That’s how I felt about my trip to Formentera—it met me, but I didn’t meet it.
* * *
• • •
On our return flight, Chunk and I had the two seats next to each other with the option of putting the partition up or down. We chose down.
Once Chunk and I were both comfortably settled in and each watching our respective movies, I popped a Xanax and then realized there was none left for Chunk. I didn’t want to knock myself out with Chunk awake, so I took one of my weaker sleeping pills I had brought and tried to get him to swallow it. After failing to get it down his throat for the third time, I opened the capsule and emptied it into about two ounces of water and Chunk drank it down.
I had been using Sonata ever since I learned how terrible Xanax was for your brain: the memory loss, the irritability the next day, the fact that it makes you dumb. I justified abusing it that week because of the Russian interference in my summer vacation. Right before I passed out, I wrapped Chunk’s leash around my waist and tucked it into the back of my jeans.
Hours later, a flight attendant shook me awake and told me that my dog was loose and running around the first-class cabin. The simple task of standing up suddenly became incredibly difficult to accomplish, as I was lying on my side and had one leg swung over Chunk’s seat, where his body had been. My body was confusing me, as was the situation. I could hear Chunk’s panting, which sounded almost maniacal. I stumbled through the first-class cabin in a fugue state, scared by the heavy throat-clearing, coughing sounds I was hearing—and at one point during all the confusion, I called out Brandon’s name.
When I found Chunk, he was licking the bathroom door with no leash in sight. I grabbed him by the collar and ushered him back to our double pod, where I had to force him to get back up on the seat. His tongue was almost touching the floor and there was foam on either side of his mouth. He looked like he had just snorted an eight ball.
I had never seen Chunk in that state before. I grabbed one of those miniature bottles of room temperature water they give you on planes, but thought Chunk would appreciate something more refreshing—like a Fresca—and then bounced back to reality and recognized I was talking about a dog who was on the verge of swallowing his own tongue. I started by pouring the water into the tiny plastic lid, but after Chunk almost swallowed that, I made a cup out of my hand and started pouring the water in there. When that didn’t suffice, I gave up and just started pouring the water directly into his mouth. He wouldn’t sit still and kept yanking his head around to get out, but I held him down, trying to get a handle on the situation. The shame that enveloped my double pod took the shape of two blankets I converted into a fort covering the tops of our seats in an effort to prevent the two of us from causing any more of a scene.
“Can I get some more water bottles and a bowl?” I whispered, peeking out from under the covers.
“I don’t work here,” the passenger across the aisle said, as she sat back down in her assigned seat. The procuring of water became a tricky endeavor, as I couldn’t leave Chunk to his own devices and I couldn’t find his leash. I looked around for the call button, which I generally try to avoid using because of how rude it seems. I also made a mental note of possibly installing that option when I got home to Bel-Air. Brandon would love a bell.

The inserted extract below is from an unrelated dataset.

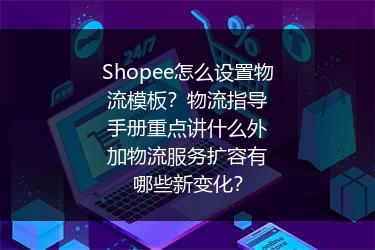 Shopee怎么设置物流模板？物流指导手册重点讲什么外加物流服务扩容有哪些新变化？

When I stood up to press the button above my head, Chunk made a run for it. I dove over my seat, grabbing his tail. I hit the floor face-first and felt a sharp burn around my stomach. I discovered that Chunk’s leash was wrapped around my waist, under my shirt. In my delirium, instead of fastening the clip of the leash to Chunk’s collar, I had clipped it to one of the belt loops on my jeans.
“Can we please get him an entrée?” I asked the flight attendant from the floor, when she headed over to me with three large bottles of water.
When the flight attendant looked at me sideways, I told her I was pregnant. Once I got Chunk nicely settled with his second gallon of water and a bowl, I looked at the map in front of my seat, which told me there were six hours left of our flight to Los Angeles.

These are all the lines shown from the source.